Die bis auf den letzten Platz gefüllte C-Halle machte deutlich, dass die Kapazität der Veranstaltungsorte seit dem Erscheinen von "Sigh No More" im letzten Jahr unaufhaltsam gestiegen ist. Längst ist der Andrang so groß geworden, dass die versammelte Menschenmenge von Konzert zu Konzert beachtlich wächst und die Band sogar zwei Mal im Jahr vorbeischauen muss, um dem gerecht zu werden. Dieses Mal brachten Mumford & Sons mit Nathaniel Rateliff und Old Crow Medicine Show einen Doppelpack für das Vorprogramm mit, der nicht nur das Publikum perfekt auf den Abend einstimmte, sondern offensichtlich auch der Band selbst sehr am Herzen lag. So ließen es sich Marcus Mumford und auch Country Winston nicht nehmen vorab kleine Gastauftritte zu bestreiten, wenn sie einmal nicht am Bühnenrand standen und textsicher die Songs mitsangen.
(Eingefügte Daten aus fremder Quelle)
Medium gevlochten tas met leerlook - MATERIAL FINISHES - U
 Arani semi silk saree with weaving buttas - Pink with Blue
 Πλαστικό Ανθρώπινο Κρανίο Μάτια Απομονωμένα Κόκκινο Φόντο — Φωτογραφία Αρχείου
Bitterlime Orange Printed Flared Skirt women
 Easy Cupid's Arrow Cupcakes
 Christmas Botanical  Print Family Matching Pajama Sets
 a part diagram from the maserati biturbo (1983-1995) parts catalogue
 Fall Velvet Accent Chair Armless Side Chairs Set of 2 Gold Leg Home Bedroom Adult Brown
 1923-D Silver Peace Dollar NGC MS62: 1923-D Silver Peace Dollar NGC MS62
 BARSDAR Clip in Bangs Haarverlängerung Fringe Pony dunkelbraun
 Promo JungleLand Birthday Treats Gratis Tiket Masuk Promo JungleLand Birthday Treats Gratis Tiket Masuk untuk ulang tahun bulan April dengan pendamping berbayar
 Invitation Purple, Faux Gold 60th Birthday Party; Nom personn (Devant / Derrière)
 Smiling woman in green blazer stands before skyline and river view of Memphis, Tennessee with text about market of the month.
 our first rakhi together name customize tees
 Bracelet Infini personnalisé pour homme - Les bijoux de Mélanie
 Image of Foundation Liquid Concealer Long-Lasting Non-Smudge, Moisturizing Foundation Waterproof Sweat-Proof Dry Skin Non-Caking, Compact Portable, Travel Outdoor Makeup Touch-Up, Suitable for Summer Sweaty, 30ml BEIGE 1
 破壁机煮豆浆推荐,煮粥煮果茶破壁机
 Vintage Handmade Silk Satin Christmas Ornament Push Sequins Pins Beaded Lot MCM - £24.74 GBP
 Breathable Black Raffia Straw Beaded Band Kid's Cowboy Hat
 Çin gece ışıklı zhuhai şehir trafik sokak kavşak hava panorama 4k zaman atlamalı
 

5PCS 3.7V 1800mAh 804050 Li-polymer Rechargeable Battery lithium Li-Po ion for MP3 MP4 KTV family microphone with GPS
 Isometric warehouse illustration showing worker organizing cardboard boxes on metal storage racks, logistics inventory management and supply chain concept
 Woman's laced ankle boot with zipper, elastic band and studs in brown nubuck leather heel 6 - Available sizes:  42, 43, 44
Für genügend Atmosphäre war bereits angesichts des musikalischen Programms gesorgt. Dennoch setzte das Bühnenbild noch das passende i-Tüpfelchen auf das Ganze, indem Girlanden aus Glühbirnen die Decke schmückten und sich bis auf die Zuschauerränge erstreckten und alles ins rechte Licht rückten. Spannung und Vorfreude zugleich lagen in hoher Konsistenz in der Luft und entluden sich beim Opener und zugleich Titeltrack des Albums "Sigh No More", indem das Berliner Publikum der Band eine warmherzige Begrüßung bescherte. Auch wenn die Zuschauer der Hauptstadt gerne ab und zu als verwöhnt und als schwer zu begeistern gelten, war an diesem Abend keine Spur davon zu sehen.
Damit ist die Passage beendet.